Trivia: This movie was nominated for a 1999 Primetime Emmy for Outstanding Cinematography in a Miniseries or a Movie

Meyer Lansky, one of the key figures of organized crime in the 20th century, has been portrayed in a number of movies and television series over the years. The character of Hyman Roth, played by Lee Strasburg in The Godfather Part 2, was inspired by Lansky, and so, supposedly, was James Woods’ Max in Once Upon a Time in America. Ben Kingsley was nominated for an Academy Award for his performance as Lansky in Barry Levinson’s Bugsy, and most recently, Anatol Yusef portrayed him in HBO’s Boardwalk Empire, an outstanding series produced by Martin Scorsese. But while the notorious gangster was nothing more than a supporting character in each of these productions, in John McNaughton’s 1999 film Lansky, he finally took center stage.
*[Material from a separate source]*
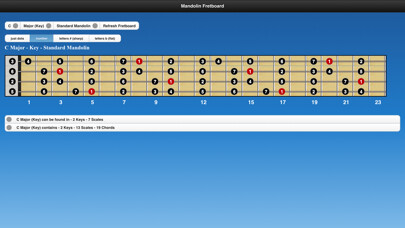 Emulate iPhone app Mandolin Scales using MyAndroid Emulate iPhone app Mandolin Scales using MyAndroid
While waiting to find out if Israel has granted him asylum, an elderly Lansky (Richard Dreyfuss) looks back on his life, from his childhood in Russia, when he and his family fled the country to avoid persecution, to his earliest days in New York City, when, as a child (played by Ryan Merriman), he met Benny Siegel (Anthony Medwetz), who would become his lifelong friend. Together with Charlie “Lucky” Luciano (Paul Sincoff), Lansky (played as a young adult by Max Perlich) was heavily involved in gambling, and during prohibition helped run booze over the border. Lansky finally hit the big time when he and Luciano hooked up with Arnold Rothstein (Stanley DeSantis), who taught them more about illegal gambling than anyone else. When Rothstein was killed, Lansky and Luciano seized control of the New York mob, organizing the various families into a single unit.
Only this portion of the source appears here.